SOURCE MATERIAL =>
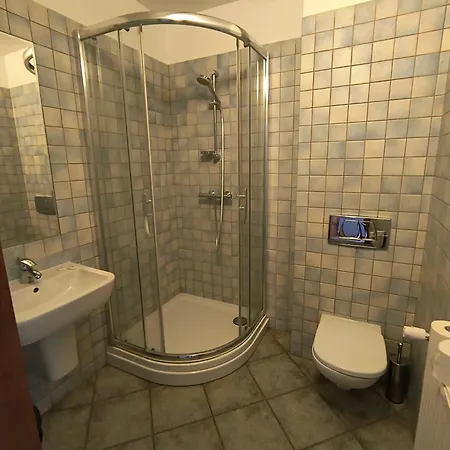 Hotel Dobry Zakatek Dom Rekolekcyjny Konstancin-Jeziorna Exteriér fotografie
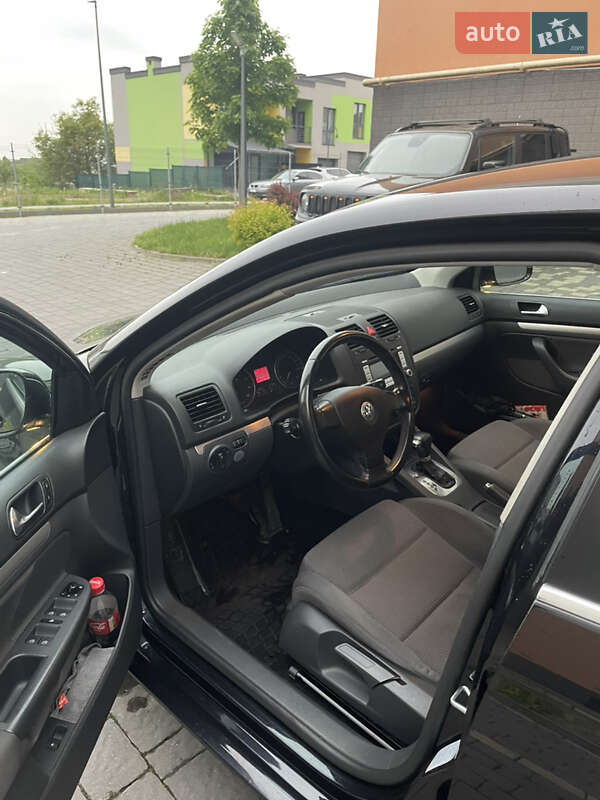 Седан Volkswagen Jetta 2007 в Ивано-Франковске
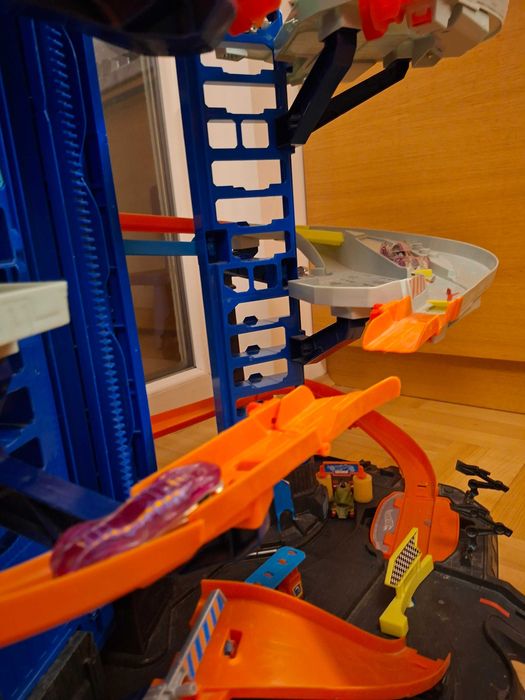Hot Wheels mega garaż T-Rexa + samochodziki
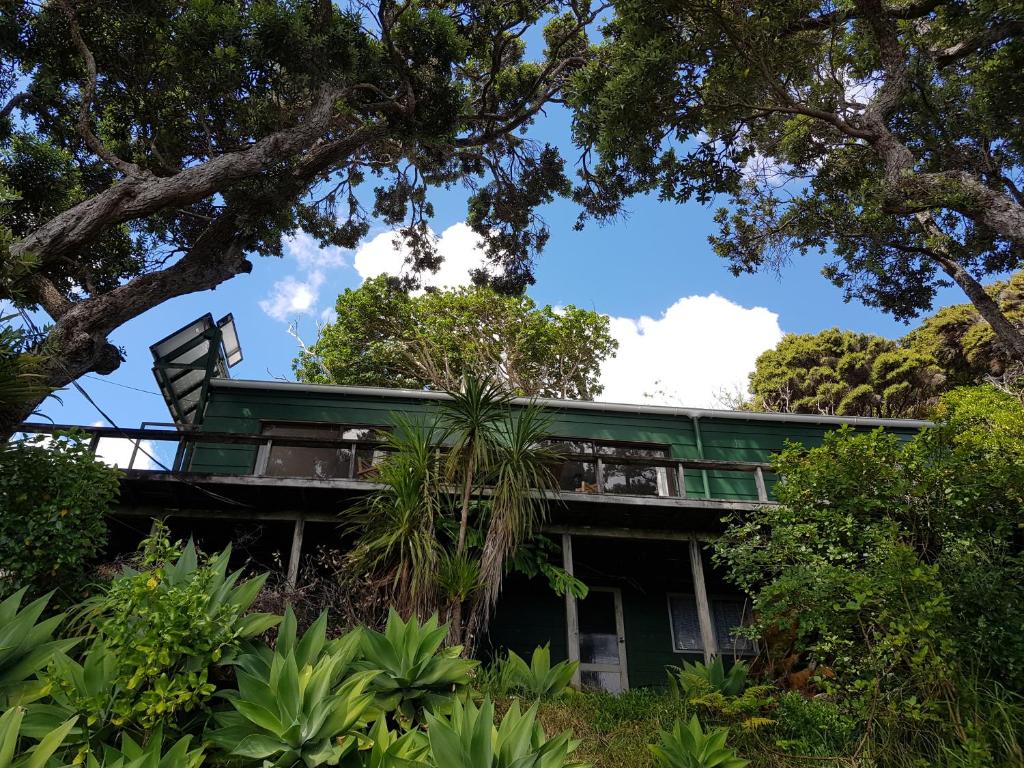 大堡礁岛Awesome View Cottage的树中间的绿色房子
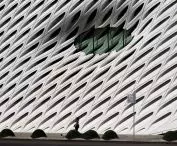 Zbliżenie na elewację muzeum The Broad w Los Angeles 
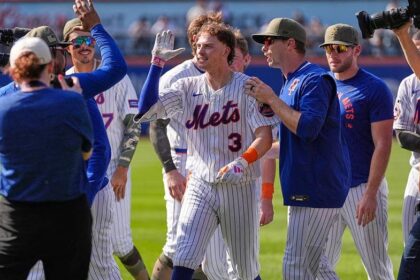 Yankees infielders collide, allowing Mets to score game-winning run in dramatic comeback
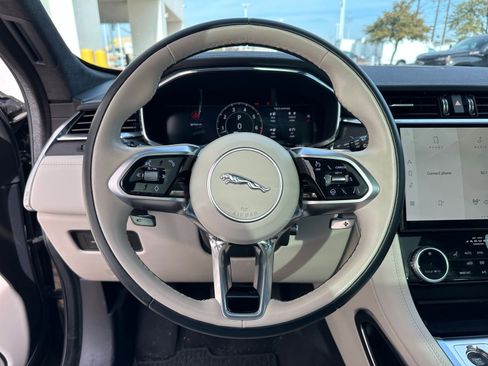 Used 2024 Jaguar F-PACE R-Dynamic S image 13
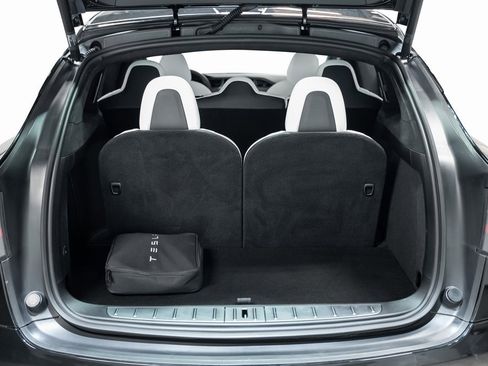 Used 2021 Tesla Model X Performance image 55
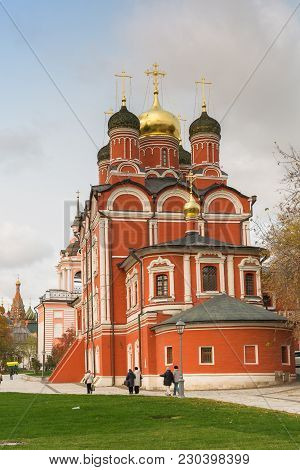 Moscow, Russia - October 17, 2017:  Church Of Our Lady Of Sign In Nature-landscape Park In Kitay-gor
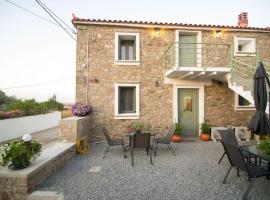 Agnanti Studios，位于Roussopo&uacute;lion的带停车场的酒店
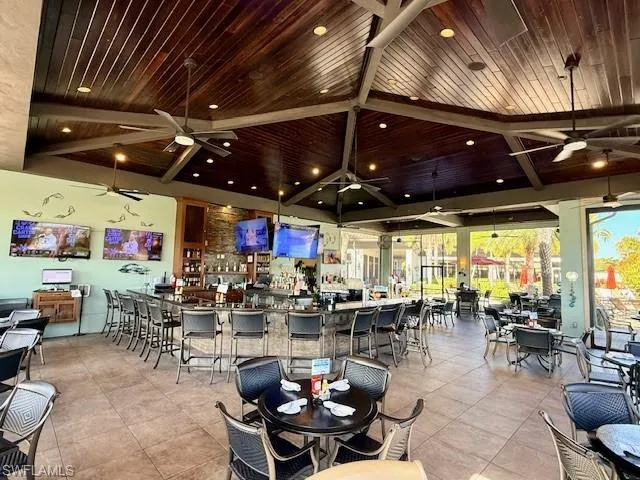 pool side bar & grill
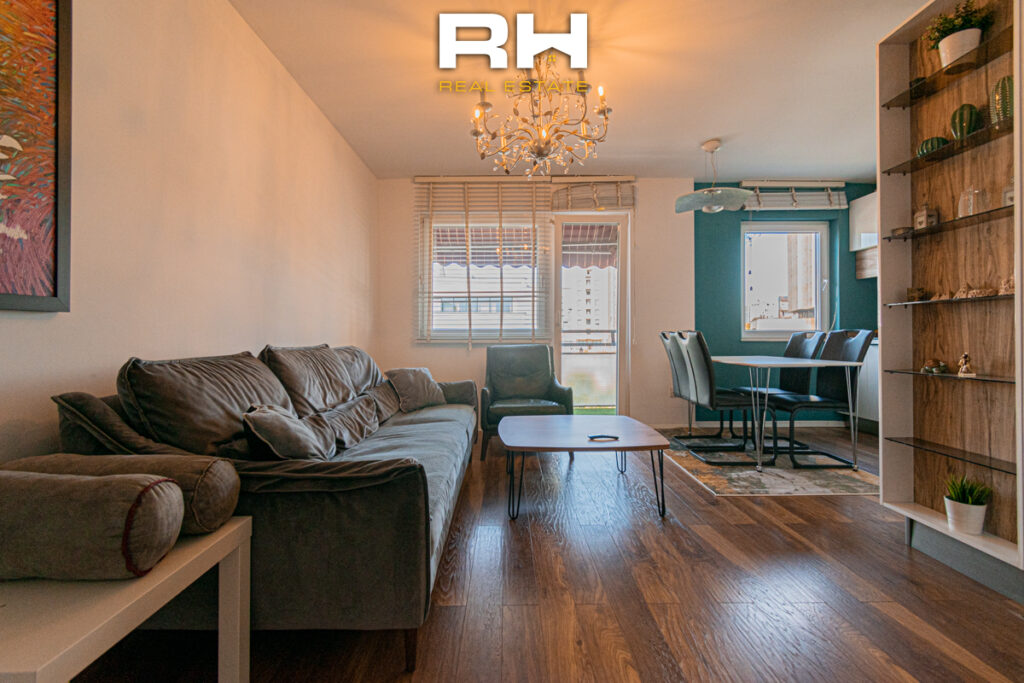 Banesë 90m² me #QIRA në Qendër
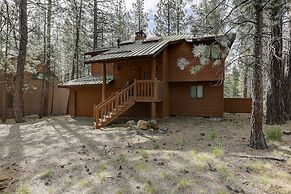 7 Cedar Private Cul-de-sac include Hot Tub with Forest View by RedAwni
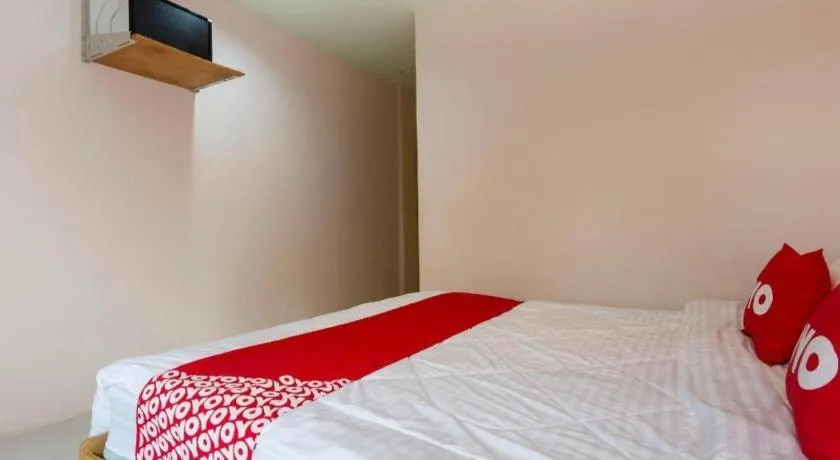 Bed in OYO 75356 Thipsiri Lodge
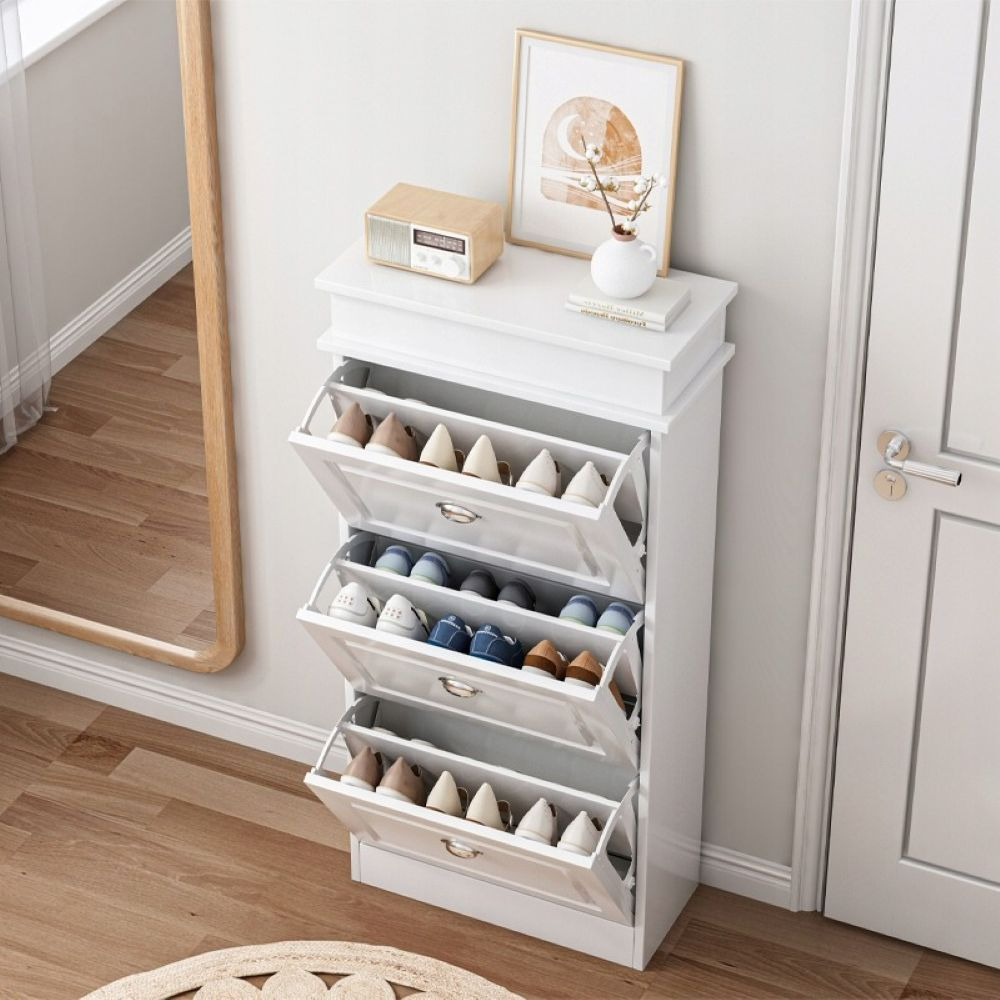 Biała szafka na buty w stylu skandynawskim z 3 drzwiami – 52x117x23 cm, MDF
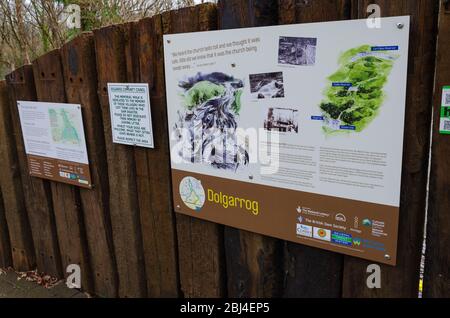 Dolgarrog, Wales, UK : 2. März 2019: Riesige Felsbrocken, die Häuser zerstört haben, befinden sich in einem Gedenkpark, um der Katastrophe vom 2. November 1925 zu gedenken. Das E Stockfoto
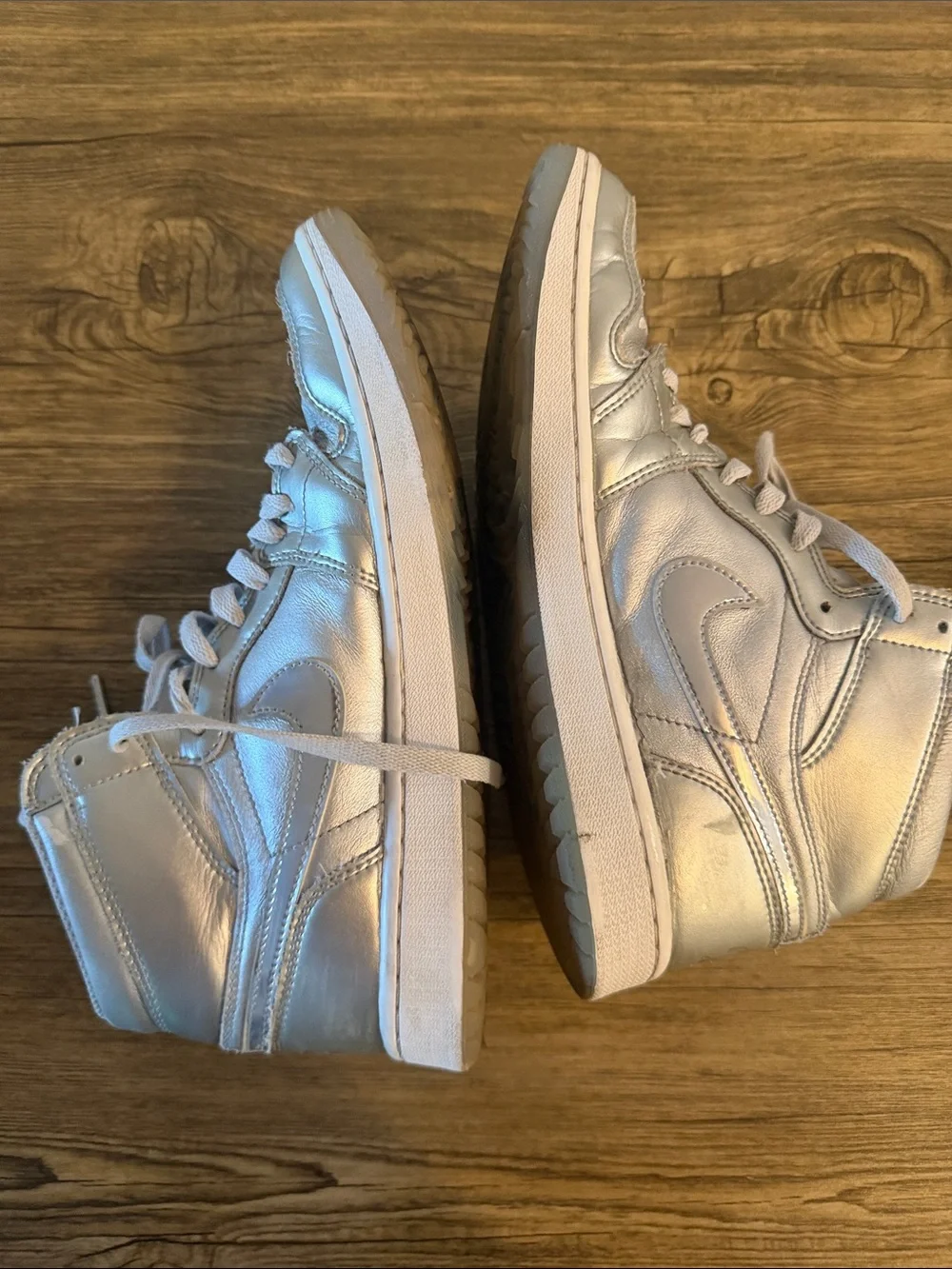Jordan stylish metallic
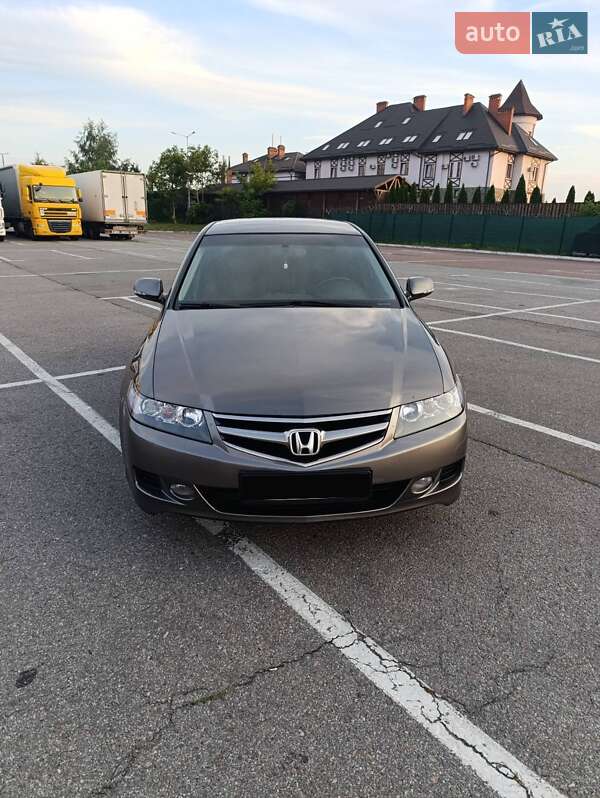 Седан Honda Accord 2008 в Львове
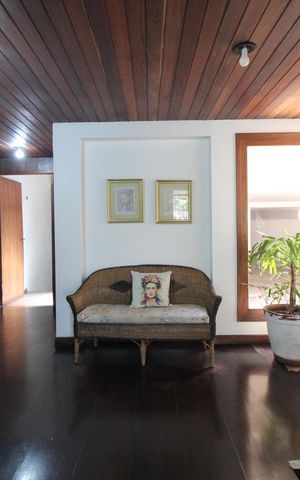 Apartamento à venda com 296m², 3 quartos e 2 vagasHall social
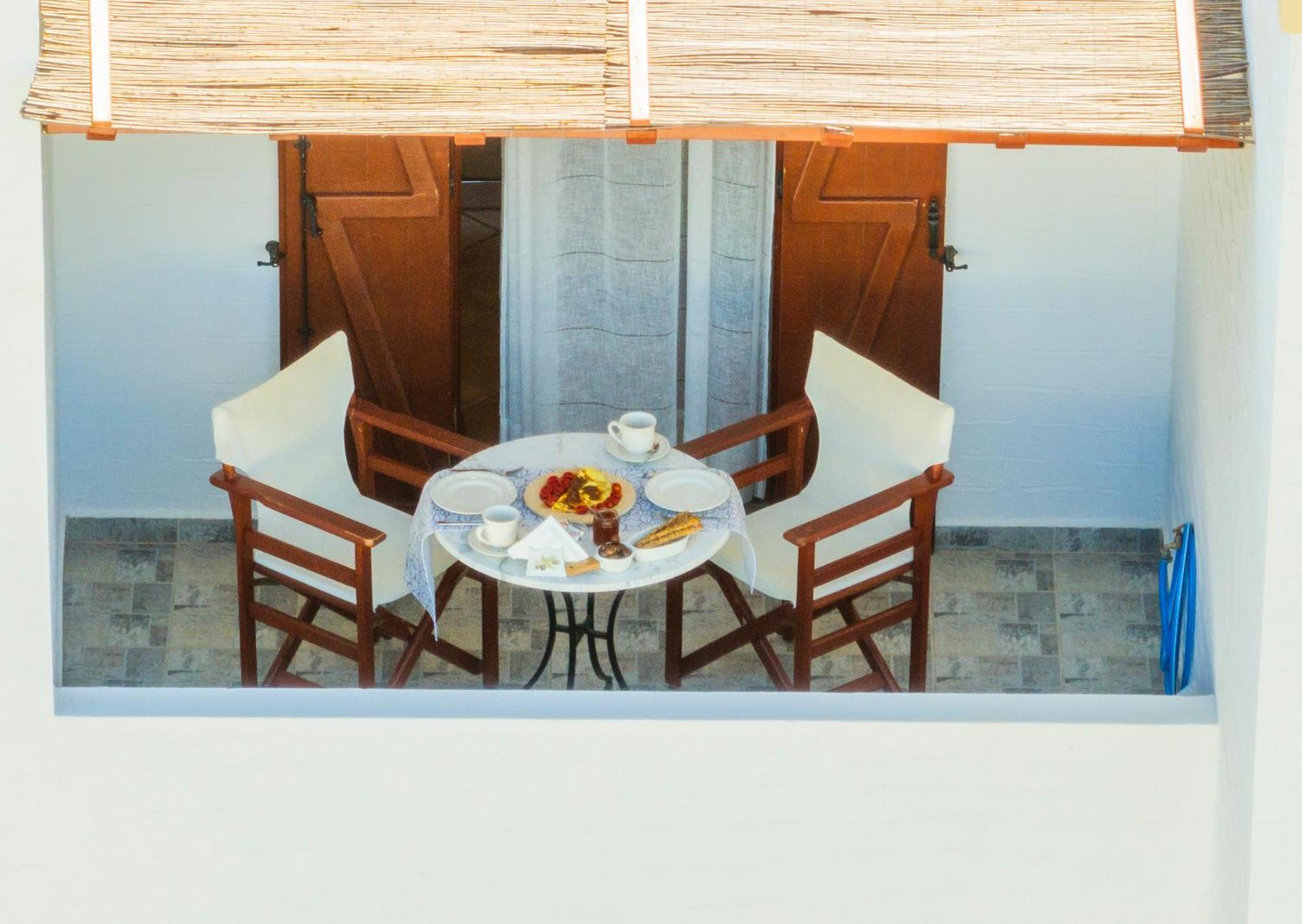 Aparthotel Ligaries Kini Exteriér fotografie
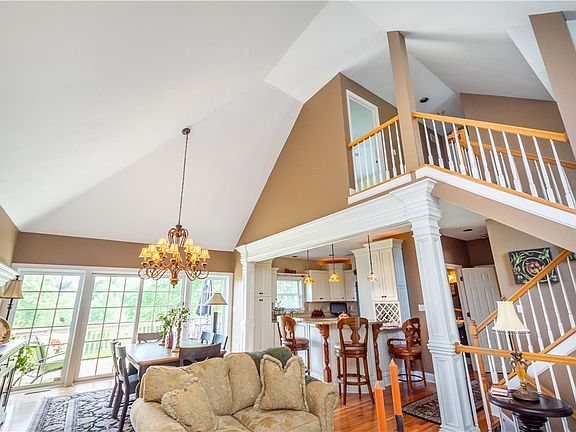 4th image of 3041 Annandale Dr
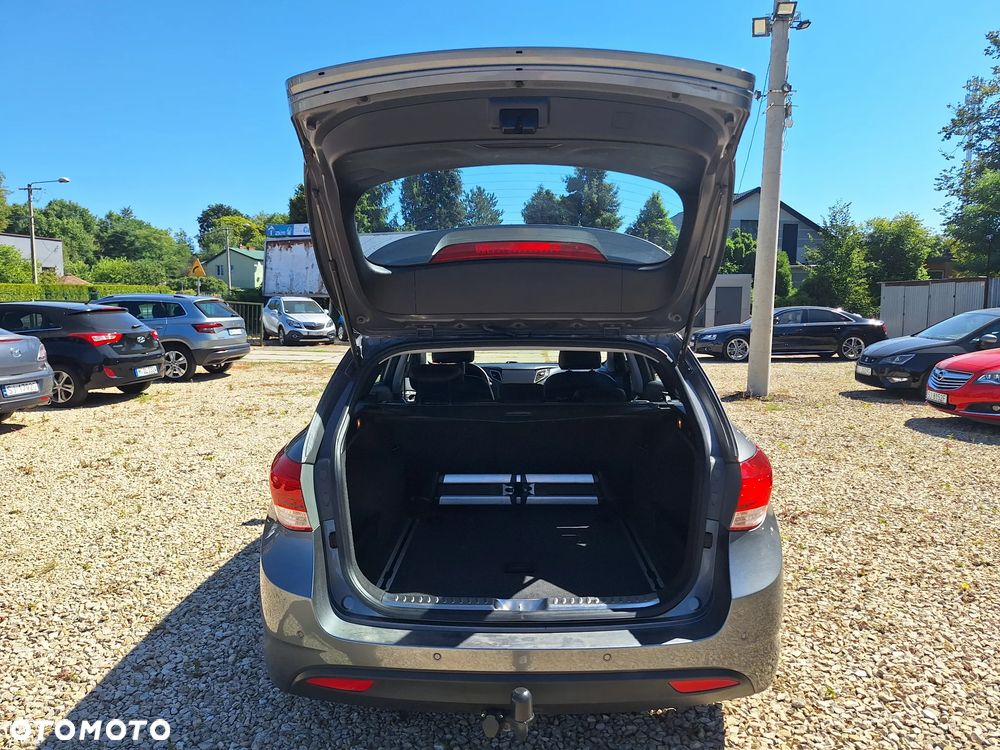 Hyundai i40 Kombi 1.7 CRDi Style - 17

WORK TASK => Beginning with the first entry above, reproduce every line verbatim until the line with "Agnanti Studio", which is included too; omit pictures.

EXERCISE RESULT =>
 Hotel Dobry Zakatek Dom Rekolekcyjny Konstancin-Jeziorna Exteriér fotografie
 Седан Volkswagen Jetta 2007 в Ивано-Франковске
Hot Wheels mega garaż T-Rexa + samochodziki
 大堡礁岛Awesome View Cottage的树中间的绿色房子
 Zbliżenie na elewację muzeum The Broad w Los Angeles 
 Yankees infielders collide, allowing Mets to score game-winning run in dramatic comeback
 Used 2024 Jaguar F-PACE R-Dynamic S image 13
 Used 2021 Tesla Model X Performance image 55
 Moscow, Russia - October 17, 2017:  Church Of Our Lady Of Sign In Nature-landscape Park In Kitay-gor
 Agnanti Studios，位于Roussopo&uacute;lion的带停车场的酒店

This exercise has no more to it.